House Appropriations Committee Marks Up FY 2019 Appropriations Bill for NSF, NOAA, and NASA
House Appropriations Committee Marks Up FY 2019 Appropriations Bill for NSF, NOAA, and NASA – On May 17, the full House Appropriations Committee marked up and reported out the FY 2019 Commerce, Justice, Science (CJS) Appropriations bill which funds the Departments of Commerce and Justice, the National Aeronautics and Space Administration (NASA), the National Science Foundation (NSF), the decennial census, and other related programs. The legislation contains $62.5 billion in total discretionary funding, an increase of $2.9 billion above the fiscal year 2018 level.
The bill provides increases for federal law enforcement to crack down on illegal immigration, violent crime, gangs and opioid trafficking. The bill targets funding increases for national security – including countering cybercrime, terrorism and espionage. Funds are included to continue investments in space exploration, advance groundbreaking science, enhance school safety, and provide adequate resources for the upcoming decennial census.
National Science Foundation (NSF) -- The legislation funds NSF at $8.2 billion – $408 million above the fiscal year 2018 enacted level and $703 million above the Administration’s $7.4 billion request. Research and related activities are funded at $6.7 billion, $317 million above the current level and $500 million over the Administration’s request for this account. These funds will foster innovation and U.S. economic competitiveness, including funding for research on advanced manufacturing, physics, mathematics, ocean exploration, high performance computing, astronomy, major research instrumentation, cybersecurity, neuroscience, and STEM education. The Committee expressed its support for NSF’s Antarctic Modernization for Science program. The Committee also reiterated its support for research infrastructure investments and called on NSF to provide no less than FY 2018 levels to support its existing research laboratories, observational networks, and other assets including astronomy, the current academic fleet, NSF’s FFRDCs, and High-Performance Computing Centers. The Committee also apparently included some report language endorsing the continuation of marine research and support for existing related research facilities.
In the NSF Major Research Equipment and Facilities Construction account, the bill provides a total of $268 million to be used to fund the Large Synoptic Survey Telescope, the Daniel K. Inouye Solar Telescope, and three Regional Class Research Vessels. Education and Human Resources is funded at $902 million which is $28.6 million more than the request. Report language emphasizes the Advanced Technical Education program, early childhood STEM education, broadening participation programs, Hispanic serving institutions, and the Innovation Corps program.

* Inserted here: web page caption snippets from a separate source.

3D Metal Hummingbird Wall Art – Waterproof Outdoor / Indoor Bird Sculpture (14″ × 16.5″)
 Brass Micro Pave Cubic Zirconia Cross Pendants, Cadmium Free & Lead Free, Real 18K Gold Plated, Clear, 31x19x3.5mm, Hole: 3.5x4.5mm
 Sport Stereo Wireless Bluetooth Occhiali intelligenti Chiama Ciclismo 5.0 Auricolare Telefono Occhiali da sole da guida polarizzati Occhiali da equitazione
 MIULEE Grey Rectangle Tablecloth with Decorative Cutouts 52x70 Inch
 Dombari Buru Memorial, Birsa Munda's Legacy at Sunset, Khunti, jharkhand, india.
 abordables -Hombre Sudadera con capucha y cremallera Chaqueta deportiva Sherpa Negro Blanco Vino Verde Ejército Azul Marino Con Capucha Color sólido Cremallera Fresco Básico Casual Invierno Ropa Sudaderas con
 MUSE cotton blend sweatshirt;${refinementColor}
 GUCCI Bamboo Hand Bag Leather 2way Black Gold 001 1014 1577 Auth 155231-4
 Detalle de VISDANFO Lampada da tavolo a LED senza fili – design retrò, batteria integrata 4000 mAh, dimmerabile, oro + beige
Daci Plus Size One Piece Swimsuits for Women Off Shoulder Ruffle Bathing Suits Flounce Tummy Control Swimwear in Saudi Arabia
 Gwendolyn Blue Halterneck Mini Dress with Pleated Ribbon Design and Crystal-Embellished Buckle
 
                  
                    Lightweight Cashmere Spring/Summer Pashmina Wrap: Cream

National Oceanic and Atmospheric Administration (NOAA) – The legislation contains $5.2 billion for NOAA, which is $751 million below the fiscal year 2018 level but $606 million above the Administration’s $4.6 billion request. Funding is targeted to the National Weather Service, the reduction of harmful algal blooms, fisheries management, weather research, and ocean exploration while reducing funds for other programs including eliminating the climate Competitive Research, Sustained Observations and Regional Information program as proposed by the Administration. In FY 2018 this program was funded at a level of $60 million.
In the National Ocean Service, $34 million was added to the request for NOAA’s Navigation, Observations, and Positioning program. The Administration had requested a $5 million increase. This program includes NOAA’s coastal lidar mapping program, the National Geodetic Survey, and the Integrated Ocean Observing System (at $37.5 million, $10.6 million more than the request). In other NOS activities the Committee emphasized priority support for Harmful Algal Bloom research. The National Estuarine Research Reserve System (NERRS) program, which had been proposed for termination was instead funded at $27 million; and Sanctuaries and Marine Protected Areas program is funded at $57.5 million, $7.8 million over the request. The Committee did not provide any funding for the Title IX fund for Coastal Resilience Grants. In FY 2018 the Coastal Resilience Grants program received $30 million.
In NOAA Fisheries, the Committee maintained funding for the marine mammal stranding program (Prescott grants), added $18.5 million to the request for Enforcement which is where significant Illegal, Unreported, and Unregulated (IUU) activities are carried out by NOAA, and funded aquaculture at $15 million which is $5.7 million more than the request and level with last year. The Committee also provide NOAA Fisheries with $10 million for additional Red Snapper management activities.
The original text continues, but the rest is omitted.